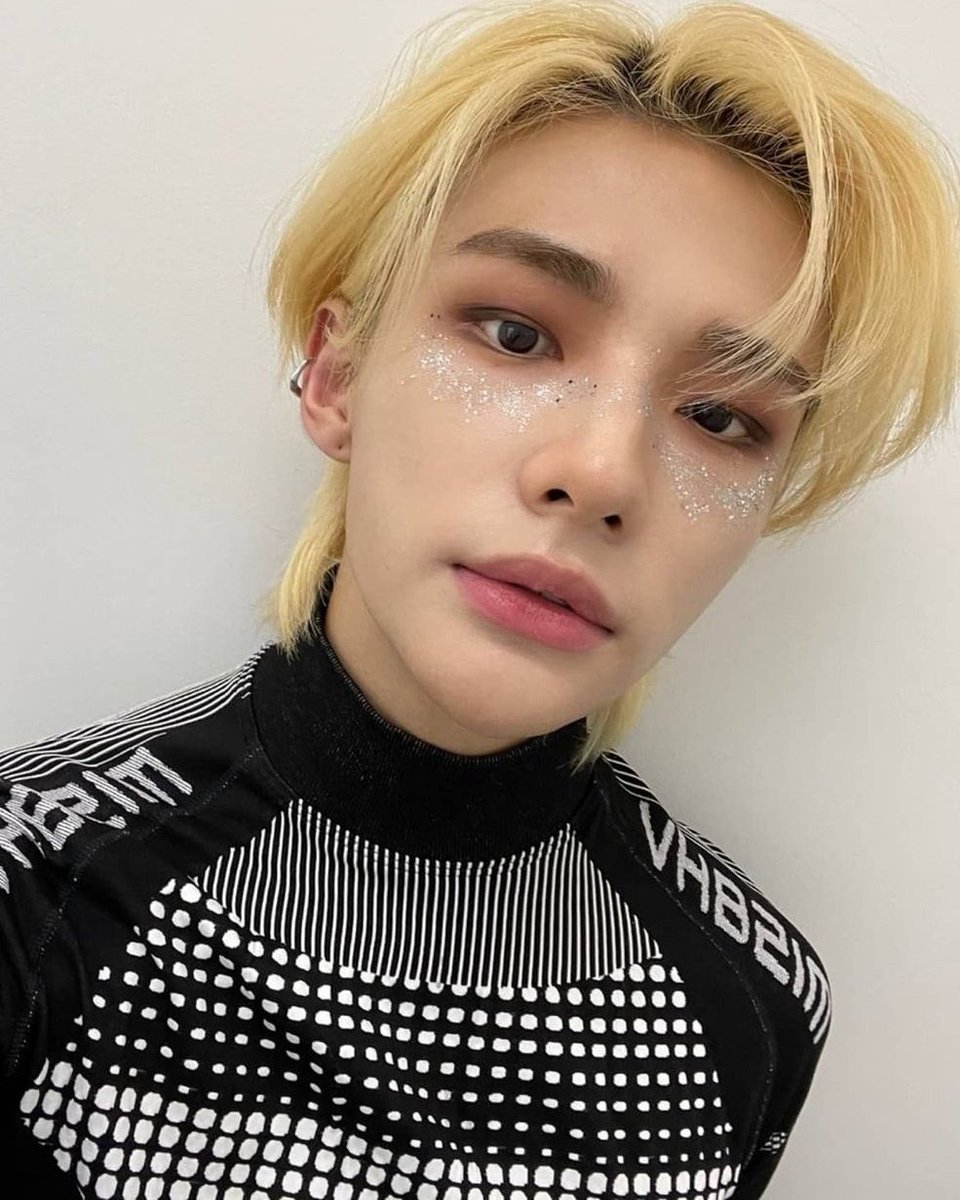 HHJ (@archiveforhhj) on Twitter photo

...

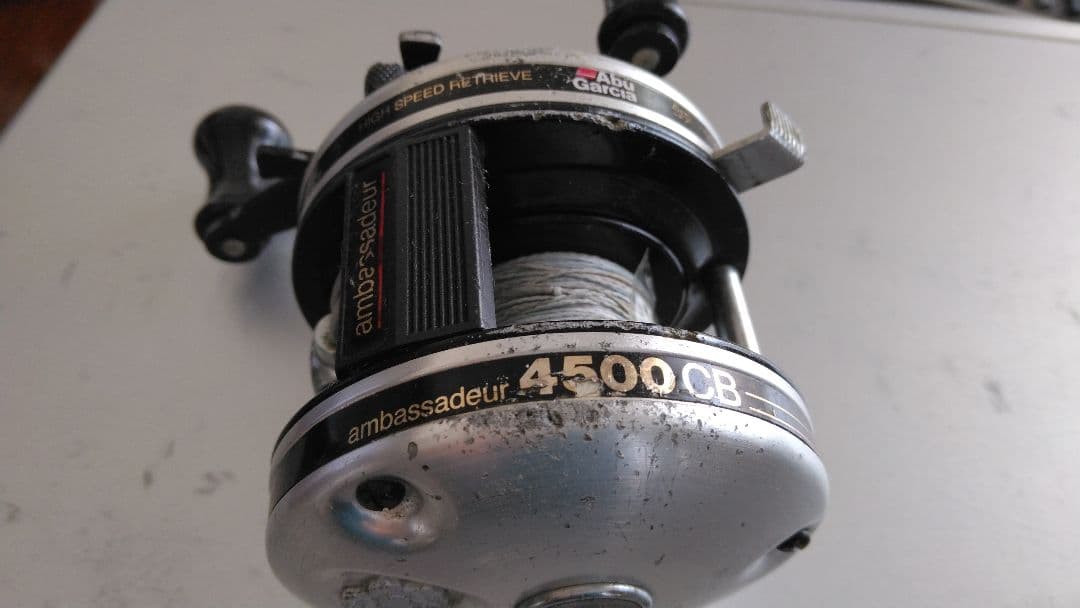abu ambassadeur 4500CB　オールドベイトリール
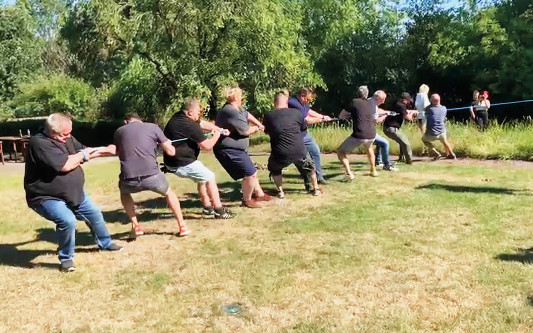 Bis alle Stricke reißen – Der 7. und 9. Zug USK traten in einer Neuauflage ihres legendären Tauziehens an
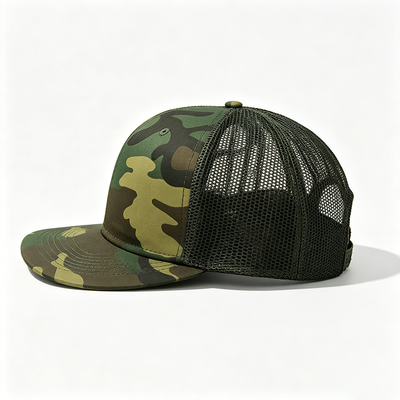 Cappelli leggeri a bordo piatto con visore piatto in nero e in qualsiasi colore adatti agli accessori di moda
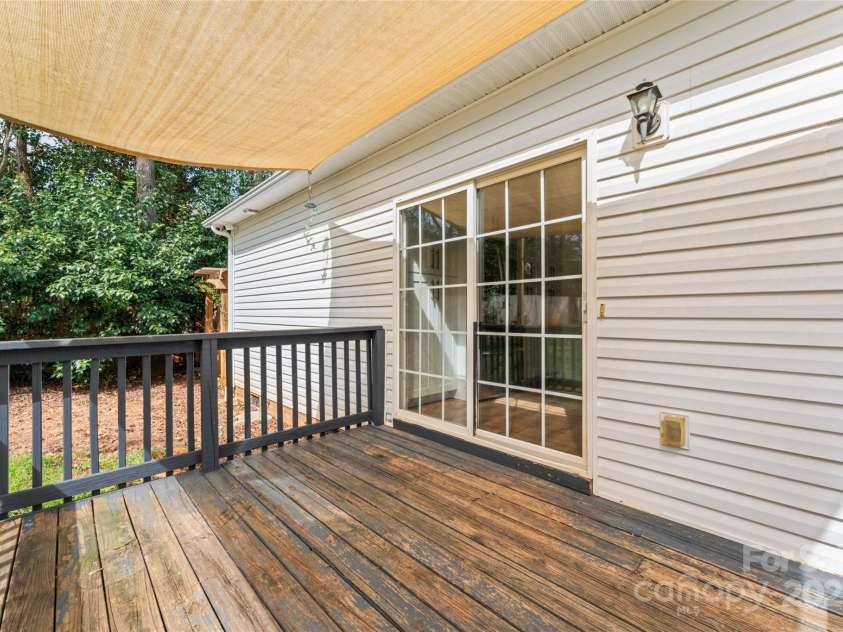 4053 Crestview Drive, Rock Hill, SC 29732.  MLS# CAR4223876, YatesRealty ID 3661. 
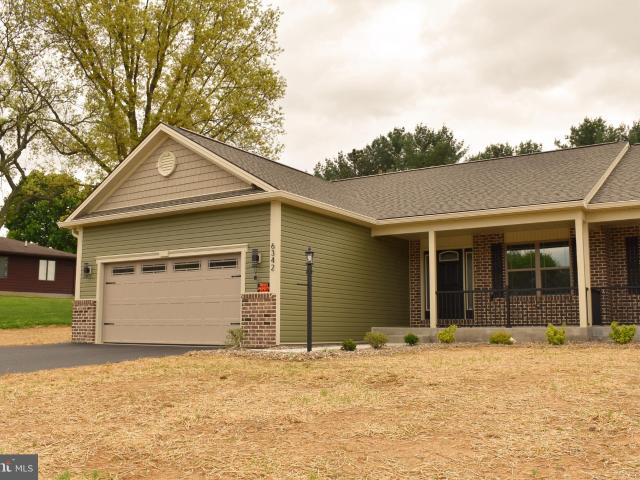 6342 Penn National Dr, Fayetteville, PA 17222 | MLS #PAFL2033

Prompt
Skip every picture, and restate word for word only the lines above from the line containing "Bis alle Stricke" to the line containing "6342 Penn National", both of them included.

The answer
 Bis alle Stricke reißen – Der 7. und 9. Zug USK traten in einer Neuauflage ihres legendären Tauziehens an
 Cappelli leggeri a bordo piatto con visore piatto in nero e in qualsiasi colore adatti agli accessori di moda
 4053 Crestview Drive, Rock Hill, SC 29732.  MLS# CAR4223876, YatesRealty ID 3661. 
 6342 Penn National Dr, Fayetteville, PA 17222 | MLS #PAFL2033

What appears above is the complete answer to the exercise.